Hanging on By the Fingernails, or the Comfort of Known Books

Friends, how are you doing? For me, this has been a rough and weary couple of weeks with the looming election and the ongoing state of the nation and the world. Which has made it hard to read. I keep picking up books, peeking at them or starting a bit, and then setting them aside. What’s a reader to do?

For me, the answer is to turn to the Tried and True. This included the Beauty and the Beast rift Uprooted by Naomi Novik, which I apparently read every year at this point. *mild spoilers* I’ve written before about how much I admire Novik’s representation of the human cost of violence, the way the wealthy and powerful spend the lives of the poor like confetti. She presents a more human aspect to traditional fairy tale tropes.

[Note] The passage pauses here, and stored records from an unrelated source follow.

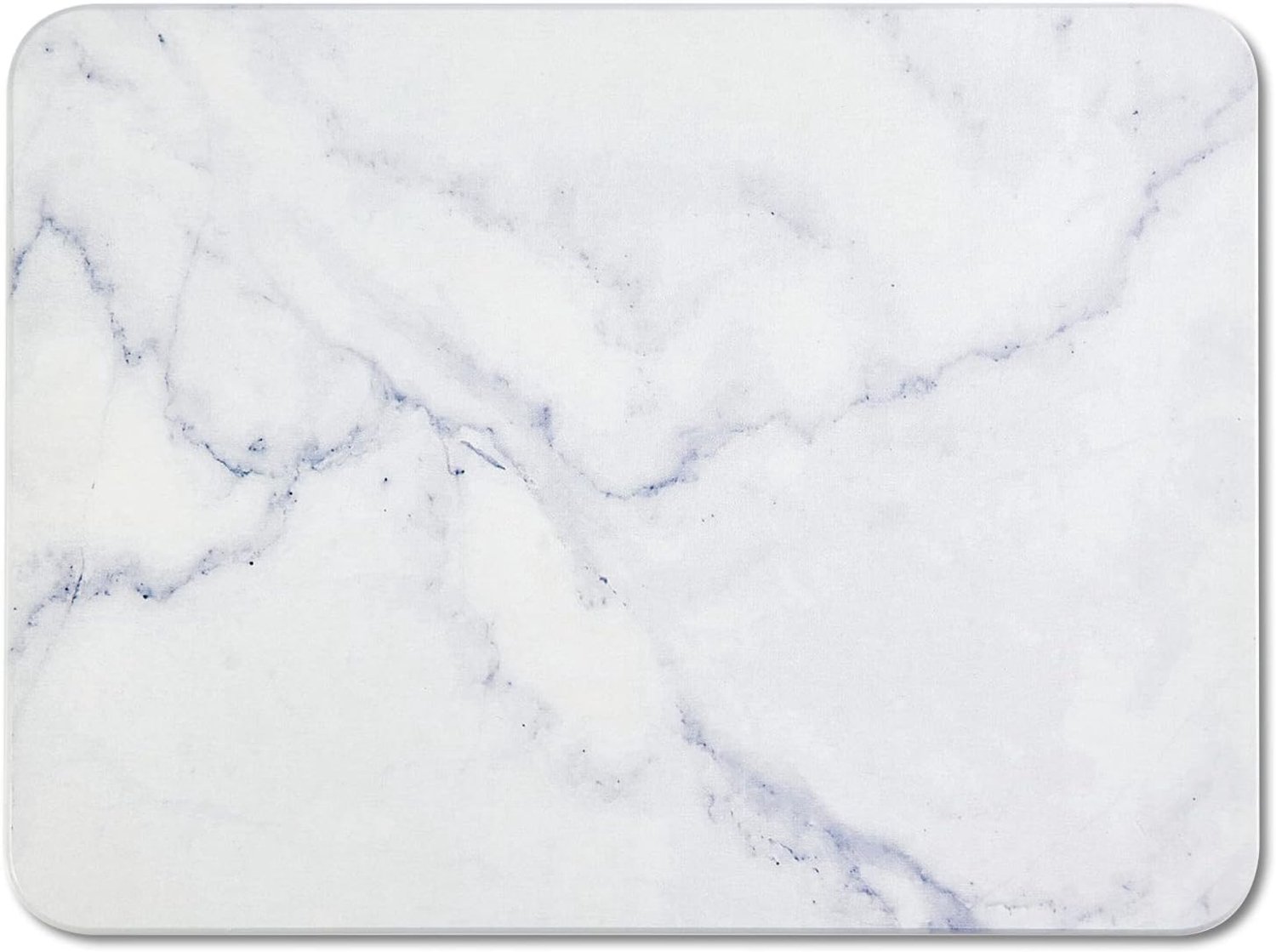 Afwasmatten voor aanrecht, ultra absorberend, antislip, hittebestendige mat keukengadgets, droogmatten voor stenen schotels, rek serviesgoed. (30,5 x 40,6 cm, Whtie Marble)
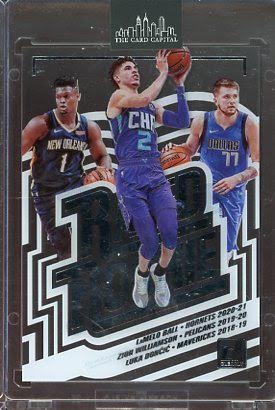 2020 Clearly Donruss Rookie Special LaMelo Ball Zion Williamson Luka Doncic #1 RC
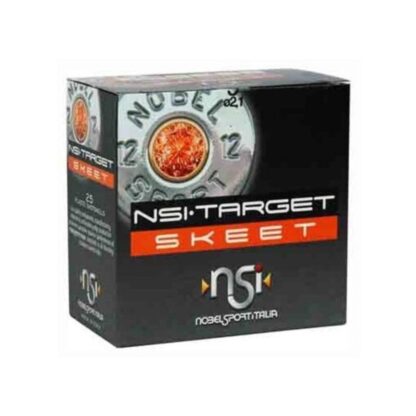 NobelSport Italia 12 Gauge 2.75", #8, 1 1/8oz, 250rd Case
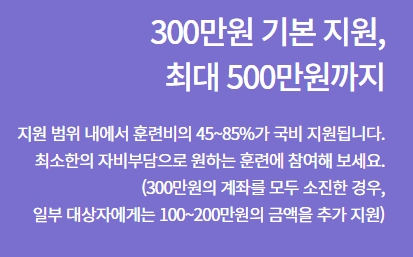 국비 지원 한도 및 자비 부담 비율 안내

I’ve also mentioned how the novel functions as a metaphor for climate change, with the “evil” wood actually seeking vengeance for the ill use and violence wrought upon it by humans. But in reading it this time, I recognized how the novel does not present a story of how to “conquer” or “fight” climate change. Instead, the witch Agnieszka realizes that repair and care of humanity’s relationship with the wood, and of the wood itself, will be the real protection. This includes a repair of our relationship to natural cycles and seasons, including birth and death.

The other book I’ve returned to is adrienne maree brown’s Emergent Strategy. This work of non-fiction supports visioning a different future, one built on change, interdependence, collaboration, care, and resiliency. It draws from the philosophy found in the fictional works of Octavia Butler, as well as from patterns and behavior found in nature. brown urges us to “science fictional behavior,” saying, “Science fiction is simply a way to practice the future together.” She writes of her history working in activism and organizing, and in the academy learning to deconstruct and critique. She writes, “I do believe that what we pay attention to grows, so I wanted to stop growing the crises, the critique. The elements in this book are a way to shift my attention to the positive, to what I want to grow.” In brown’s work, I find not only inspiration but also practical juice to work toward something, not only against.

How are you doing? What are you reading (or not reading or doing instead of reading)? I hope you are taking good care.